Een stukje wraak pa, voor al die jaren ‘goedbedoelde vaderlijke’ adviezen en opmerkingen, denkt hij spottend. Onder de keukentafel balt hij zijn handen tot vuisten. Hij ziet voor zich hoe hij zijn vader als boksbal zou gaan gebruiken, voor elke vernedering één welverdiende klap, boem! Sigi begint te schuiven op zijn stoel, hij kan niet wachten. De gevolgen kunnen hem geen worst schelen.
Amber kijkt met verbazing naar het gezicht van Sigi; er zit een gloed in zijn ogen die ze nog nooit bij hem gezien heeft. Maar wie ken je nou echt, denkt ze.
Haar eigen moeder en zus zijn zo goed als vreemdelingen voor haar en voor elkaar.
Toch heeft haar avontuur in Rotterdam ok wat goeds met zich meegebracht. De bezorgdheid van moeder en zus om Amber heeft ze bij elkaar gebracht en hun band versterkt. Een goed begin. Ze hebben alle drie hun eigen sores waar ze uit moeten zien te komen, maar dit roofdier zullen ze samen verslaan.
Ik wijk niet voor jou klootzak, dit keer heeft Roodkapje een pistool bij zich. In haar gedachten verschijnt het mooie gezicht van Brigit, een kus voor haar vriendin.

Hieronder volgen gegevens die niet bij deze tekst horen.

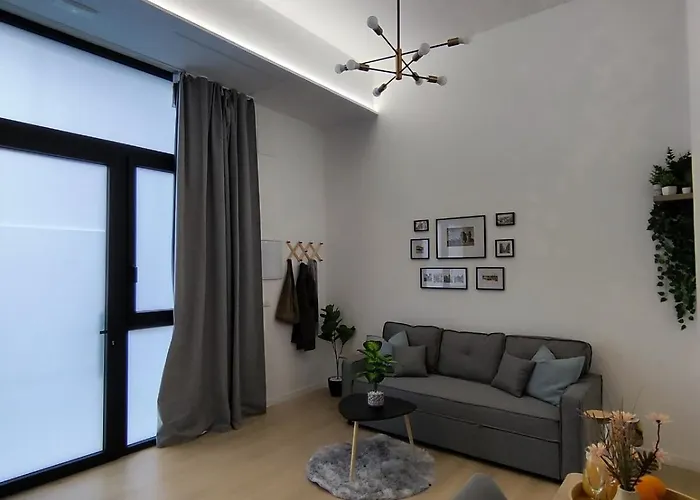 Rio Turia Pingueino *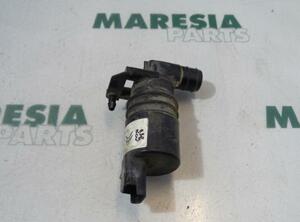 Washer Jet PEUGEOT 407 (6D)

Op een dag zal ze haar moede en zus alles vertellen over Rotterdam, Anthony en Brigit.
Niet nu, nu moet er eerst wat anders gedaan worden. Ze staan op en trekken hun jassen aan.
‘Klaar?’ buiten kijkt haar moeder vragend het kringetje rond, ze knikken.
De buitendeur wordt op slot gedraaid en zonder nog één woord met elkaar te praten, lopen ze alle vier richting de Johannes Vermeerstraat.